California Senator Barbra Boxer and Representative Jim Costa recently signed onto a congressional letter calling for  immediate relief to dairy farmers nationwide.

The letter signed by 27 Senators and 34 Representatives called for USDA to take any and all actions available in order to make an immediate market injection and offer financial assistance that will directly support U.S. dairy farmers equally.

“We continue to see dairies close across our state at an alarming rate,” said Lynne McBride, California Dairy Campaign executive director. “It is critical that Congress and USDA work together to provide relief to dairy farm families or more dairies will go out of operation.”
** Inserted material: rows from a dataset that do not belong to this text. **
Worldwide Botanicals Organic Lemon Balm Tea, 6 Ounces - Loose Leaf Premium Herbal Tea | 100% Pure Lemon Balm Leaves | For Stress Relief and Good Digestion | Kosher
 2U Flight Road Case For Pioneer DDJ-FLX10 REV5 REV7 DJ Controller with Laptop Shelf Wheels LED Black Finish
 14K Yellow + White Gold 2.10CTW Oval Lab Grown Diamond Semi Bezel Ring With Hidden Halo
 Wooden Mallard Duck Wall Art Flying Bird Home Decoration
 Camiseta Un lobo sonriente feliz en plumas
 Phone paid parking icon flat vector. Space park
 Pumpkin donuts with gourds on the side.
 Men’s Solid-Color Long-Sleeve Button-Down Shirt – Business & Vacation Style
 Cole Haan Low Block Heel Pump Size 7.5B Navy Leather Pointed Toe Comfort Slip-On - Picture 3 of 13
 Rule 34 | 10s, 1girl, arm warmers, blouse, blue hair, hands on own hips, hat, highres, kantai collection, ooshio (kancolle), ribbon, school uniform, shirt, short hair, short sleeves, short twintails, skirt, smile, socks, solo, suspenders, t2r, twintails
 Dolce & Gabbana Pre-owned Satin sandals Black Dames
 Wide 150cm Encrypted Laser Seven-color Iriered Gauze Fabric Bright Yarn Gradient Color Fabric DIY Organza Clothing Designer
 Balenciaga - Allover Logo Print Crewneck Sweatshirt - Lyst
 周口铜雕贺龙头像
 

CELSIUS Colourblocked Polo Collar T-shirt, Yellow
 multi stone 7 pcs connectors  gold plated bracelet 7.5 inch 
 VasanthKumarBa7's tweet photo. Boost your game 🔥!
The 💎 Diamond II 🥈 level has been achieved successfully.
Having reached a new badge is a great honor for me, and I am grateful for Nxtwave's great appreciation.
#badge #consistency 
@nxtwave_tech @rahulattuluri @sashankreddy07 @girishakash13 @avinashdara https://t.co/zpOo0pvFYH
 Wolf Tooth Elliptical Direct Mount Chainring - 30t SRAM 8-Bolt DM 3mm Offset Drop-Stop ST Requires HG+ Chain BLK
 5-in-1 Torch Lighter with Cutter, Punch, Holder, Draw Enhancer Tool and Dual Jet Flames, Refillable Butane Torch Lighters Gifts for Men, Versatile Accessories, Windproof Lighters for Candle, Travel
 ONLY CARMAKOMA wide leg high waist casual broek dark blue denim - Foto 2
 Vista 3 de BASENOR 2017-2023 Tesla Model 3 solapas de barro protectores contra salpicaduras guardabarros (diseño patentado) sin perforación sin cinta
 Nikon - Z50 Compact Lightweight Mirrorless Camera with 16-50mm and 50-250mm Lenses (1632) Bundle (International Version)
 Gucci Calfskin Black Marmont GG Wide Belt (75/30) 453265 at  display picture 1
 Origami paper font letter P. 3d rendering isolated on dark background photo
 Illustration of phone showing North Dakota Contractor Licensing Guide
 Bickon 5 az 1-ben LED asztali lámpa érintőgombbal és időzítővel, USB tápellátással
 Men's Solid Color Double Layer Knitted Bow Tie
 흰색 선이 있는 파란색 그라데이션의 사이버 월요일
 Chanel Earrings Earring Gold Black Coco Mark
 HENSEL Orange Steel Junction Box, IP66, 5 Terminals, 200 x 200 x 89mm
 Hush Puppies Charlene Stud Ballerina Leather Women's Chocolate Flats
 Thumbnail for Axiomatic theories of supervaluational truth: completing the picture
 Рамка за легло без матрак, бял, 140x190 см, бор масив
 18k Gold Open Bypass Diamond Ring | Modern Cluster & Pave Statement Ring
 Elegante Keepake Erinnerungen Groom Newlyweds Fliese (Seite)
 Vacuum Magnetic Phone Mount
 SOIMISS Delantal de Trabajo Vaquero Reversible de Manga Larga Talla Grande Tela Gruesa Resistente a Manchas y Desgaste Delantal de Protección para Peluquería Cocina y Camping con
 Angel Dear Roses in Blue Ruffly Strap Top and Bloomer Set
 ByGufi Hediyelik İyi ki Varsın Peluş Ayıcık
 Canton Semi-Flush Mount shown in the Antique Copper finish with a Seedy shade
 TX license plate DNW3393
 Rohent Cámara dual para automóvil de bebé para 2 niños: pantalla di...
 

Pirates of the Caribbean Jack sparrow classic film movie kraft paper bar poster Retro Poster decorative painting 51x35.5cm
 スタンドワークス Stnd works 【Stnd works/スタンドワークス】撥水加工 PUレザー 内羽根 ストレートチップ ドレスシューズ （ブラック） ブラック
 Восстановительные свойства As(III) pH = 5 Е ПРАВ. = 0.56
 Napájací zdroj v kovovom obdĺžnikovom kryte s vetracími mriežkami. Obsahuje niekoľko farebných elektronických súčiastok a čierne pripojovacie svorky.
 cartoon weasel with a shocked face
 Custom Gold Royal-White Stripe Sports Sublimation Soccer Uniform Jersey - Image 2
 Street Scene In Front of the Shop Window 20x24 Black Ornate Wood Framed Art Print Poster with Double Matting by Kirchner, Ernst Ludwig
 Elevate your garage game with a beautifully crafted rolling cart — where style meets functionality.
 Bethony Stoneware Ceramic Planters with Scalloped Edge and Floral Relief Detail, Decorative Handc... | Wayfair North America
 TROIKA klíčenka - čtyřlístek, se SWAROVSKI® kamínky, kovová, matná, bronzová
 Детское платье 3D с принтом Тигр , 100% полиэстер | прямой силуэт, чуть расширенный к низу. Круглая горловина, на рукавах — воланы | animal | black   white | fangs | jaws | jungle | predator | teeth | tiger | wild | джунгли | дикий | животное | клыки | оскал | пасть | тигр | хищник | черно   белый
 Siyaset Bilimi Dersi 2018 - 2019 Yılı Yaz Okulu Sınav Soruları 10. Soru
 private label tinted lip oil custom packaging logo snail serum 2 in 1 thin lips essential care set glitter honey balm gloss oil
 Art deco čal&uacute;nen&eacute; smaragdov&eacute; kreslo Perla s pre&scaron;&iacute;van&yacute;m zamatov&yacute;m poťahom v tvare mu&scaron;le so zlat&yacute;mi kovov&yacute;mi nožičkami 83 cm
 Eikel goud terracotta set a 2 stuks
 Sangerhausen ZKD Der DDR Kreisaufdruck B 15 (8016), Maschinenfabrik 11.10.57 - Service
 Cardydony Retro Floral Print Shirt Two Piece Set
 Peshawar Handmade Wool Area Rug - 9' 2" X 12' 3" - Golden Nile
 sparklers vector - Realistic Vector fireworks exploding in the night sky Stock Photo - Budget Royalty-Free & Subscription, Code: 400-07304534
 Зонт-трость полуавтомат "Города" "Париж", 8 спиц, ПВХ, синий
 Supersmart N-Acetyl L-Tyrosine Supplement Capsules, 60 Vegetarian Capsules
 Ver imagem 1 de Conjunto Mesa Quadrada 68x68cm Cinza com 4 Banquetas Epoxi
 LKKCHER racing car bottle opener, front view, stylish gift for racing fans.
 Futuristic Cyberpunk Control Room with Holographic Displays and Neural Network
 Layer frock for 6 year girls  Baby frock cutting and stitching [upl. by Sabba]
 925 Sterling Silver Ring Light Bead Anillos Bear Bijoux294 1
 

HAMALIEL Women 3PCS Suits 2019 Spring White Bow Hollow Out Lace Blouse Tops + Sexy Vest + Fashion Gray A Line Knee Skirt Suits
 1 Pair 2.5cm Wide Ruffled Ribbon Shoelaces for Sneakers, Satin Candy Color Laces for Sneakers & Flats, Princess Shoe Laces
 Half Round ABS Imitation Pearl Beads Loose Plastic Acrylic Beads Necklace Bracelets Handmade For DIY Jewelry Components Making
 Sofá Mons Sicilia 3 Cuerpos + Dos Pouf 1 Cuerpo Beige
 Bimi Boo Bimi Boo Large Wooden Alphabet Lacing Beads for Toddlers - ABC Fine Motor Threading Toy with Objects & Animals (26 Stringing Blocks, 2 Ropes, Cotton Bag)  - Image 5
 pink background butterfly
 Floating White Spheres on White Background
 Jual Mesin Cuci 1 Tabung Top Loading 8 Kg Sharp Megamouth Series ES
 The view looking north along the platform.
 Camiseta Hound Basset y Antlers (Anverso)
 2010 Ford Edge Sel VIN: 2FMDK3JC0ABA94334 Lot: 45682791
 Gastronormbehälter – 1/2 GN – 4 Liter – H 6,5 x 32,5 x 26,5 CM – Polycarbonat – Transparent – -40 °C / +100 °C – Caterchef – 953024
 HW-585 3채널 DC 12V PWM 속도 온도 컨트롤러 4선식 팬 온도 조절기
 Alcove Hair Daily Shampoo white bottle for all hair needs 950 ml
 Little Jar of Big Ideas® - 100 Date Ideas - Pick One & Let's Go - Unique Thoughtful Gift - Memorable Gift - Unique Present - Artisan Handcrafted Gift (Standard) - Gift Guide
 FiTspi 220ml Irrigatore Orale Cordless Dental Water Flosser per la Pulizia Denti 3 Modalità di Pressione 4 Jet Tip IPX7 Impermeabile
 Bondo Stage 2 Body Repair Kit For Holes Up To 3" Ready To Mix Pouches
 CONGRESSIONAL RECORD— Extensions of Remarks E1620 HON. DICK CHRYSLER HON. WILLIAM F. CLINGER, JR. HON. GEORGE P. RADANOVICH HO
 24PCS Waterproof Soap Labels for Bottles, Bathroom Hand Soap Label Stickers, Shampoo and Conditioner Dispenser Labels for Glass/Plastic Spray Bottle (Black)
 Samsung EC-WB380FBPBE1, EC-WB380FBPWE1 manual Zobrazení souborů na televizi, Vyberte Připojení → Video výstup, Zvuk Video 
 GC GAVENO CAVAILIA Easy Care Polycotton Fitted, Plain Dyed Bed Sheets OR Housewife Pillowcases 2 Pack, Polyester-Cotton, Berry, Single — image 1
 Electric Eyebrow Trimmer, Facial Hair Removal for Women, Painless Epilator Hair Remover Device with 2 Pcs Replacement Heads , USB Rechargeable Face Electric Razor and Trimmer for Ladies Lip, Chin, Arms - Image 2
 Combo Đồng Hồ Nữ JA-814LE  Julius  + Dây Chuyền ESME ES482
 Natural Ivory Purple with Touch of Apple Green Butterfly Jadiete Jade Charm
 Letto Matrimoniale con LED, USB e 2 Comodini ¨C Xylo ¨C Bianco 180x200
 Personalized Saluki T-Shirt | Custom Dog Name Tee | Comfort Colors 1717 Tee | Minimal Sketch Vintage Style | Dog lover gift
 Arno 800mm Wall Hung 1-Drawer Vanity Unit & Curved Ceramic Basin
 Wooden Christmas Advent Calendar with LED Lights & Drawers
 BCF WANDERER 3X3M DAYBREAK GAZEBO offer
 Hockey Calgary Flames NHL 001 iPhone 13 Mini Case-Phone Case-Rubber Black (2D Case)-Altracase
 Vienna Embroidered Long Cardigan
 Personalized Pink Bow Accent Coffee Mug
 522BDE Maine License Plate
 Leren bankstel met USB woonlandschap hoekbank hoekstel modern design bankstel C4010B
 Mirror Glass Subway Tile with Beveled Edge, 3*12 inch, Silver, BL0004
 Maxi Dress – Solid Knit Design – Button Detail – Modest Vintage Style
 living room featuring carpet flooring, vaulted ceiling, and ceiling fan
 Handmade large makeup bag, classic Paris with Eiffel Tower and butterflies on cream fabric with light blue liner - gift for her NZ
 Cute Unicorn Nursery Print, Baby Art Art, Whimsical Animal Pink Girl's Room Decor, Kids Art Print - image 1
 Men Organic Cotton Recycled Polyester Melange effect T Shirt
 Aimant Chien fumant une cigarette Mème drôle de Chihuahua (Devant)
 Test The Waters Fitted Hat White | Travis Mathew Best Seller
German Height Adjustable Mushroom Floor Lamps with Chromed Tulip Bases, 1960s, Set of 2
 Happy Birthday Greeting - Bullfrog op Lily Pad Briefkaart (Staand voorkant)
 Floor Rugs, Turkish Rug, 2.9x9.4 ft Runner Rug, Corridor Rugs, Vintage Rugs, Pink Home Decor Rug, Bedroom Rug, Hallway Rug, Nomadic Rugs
The CDC has joined a nationwide effort to continuously provide aid to local dairy farmers in any way possible. Working closely with the National Farmers Union and dairy farm organizations from across the country, the CDC encourages lawmakers to respond to the needs of local farmers.     

California dairy producers are paid some of the lowest mailbox prices — the actual price dairy operators receive for their milk — in the country and have been hit hard by the drop in milk prices that began in December 2014.

According to the California Department of Food and Agriculture, the average cost of production in California totaled $18.44 per hundredweight (cwt) in the first quarter of 2016 while the mailbox price or net price paid to dairy farmers totaled $13.61 per cwt in March 2016.

“We’re looking for direct support to dairy farmers to address mounting losses that have been happening for many months,” said McBride. “Continuing to urge any and all resources be used to provide relief is the key here.”

This difference in cost and sale price has slowly begun to cripple the dairy industry, forcing many to close up shop.

The dairy industry in California accounts for $25 billion in annual sales as well as 189,000 jobs. Stanislaus County alone produced more than $950 million worth of milk in 2014.

“When these dairy producers go out of business it has a massive effect on the rest of California’s economy, with some sort of relief it can help sustain the industry,” said McBride. “The more dairy farmers can reach out to lawmakers to let them know firsthand how serious the need for relief is.”